Lobocharacium

Scientific classification
- Clade: Viridiplantae
- Division: Chlorophyta
- Class: Chlorophyceae
- Order: Chlamydomonadales
- Family: Characiosiphonaceae
- Genus: Lobocharacium Kugrens, Clay & Aguiar
- Species: L. coloradoense
- Binomial name: Lobocharacium coloradoense Kugrens, Clay & Aguiar, 2000

= Lobocharacium =

- Genus: Lobocharacium
- Species: coloradoense
- Authority: Kugrens, Clay & Aguiar, 2000
- Parent authority: Kugrens, Clay & Aguiar

Genus of algae

Lobocharacium is a genus of green algae in the family Characiosiphonaceae. It contains the single species Lobocharacium coloradoense. It has been isolated from a pond in Colorado, United States.

==Description==
Lobocharacium coloradoense consists of individual, spindle-shaped cells that are 120–230 μm long and 50–120 μm in diameter, attached to a substrate via a small pad. Cells are multinucleate, with multiple nuclei. Surrounding each nucleus is a cone-shaped chloroplast which is stellate viewed from the front, each with a central pyrenoid. Nuclei and chloroplasts are each in their own lobe or compartment of the cytoplasm, the lobes connected by thin bridges. Contractile vacuoles are absent.

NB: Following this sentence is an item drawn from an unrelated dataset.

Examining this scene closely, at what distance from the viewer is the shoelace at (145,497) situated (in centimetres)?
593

Lobocharacium reproduces asexually and sexually. Asexual reproduction occurs by zoospores, which have two flagella, a stigma and a parietal with a pyrenoid. Alternatively, aplanospores may also be formed. Sexual reproduction is isogamous, with spherical gametes with two flagella. The zoospores and gametes are released when the entire cell wall dissolves.

Lobocharacium is most closely related to the genus Characiosiphon, and shares many morphological characters, including the multinucleate cells with many stellate chloroplasts. The latter genus produces larger cells (up to 0.5 cm), with a large central vacuole and many smaller contractile vacuoles. Additionally, the zoospores and gametes in Characiosiphon are released through a pore in the cell wall.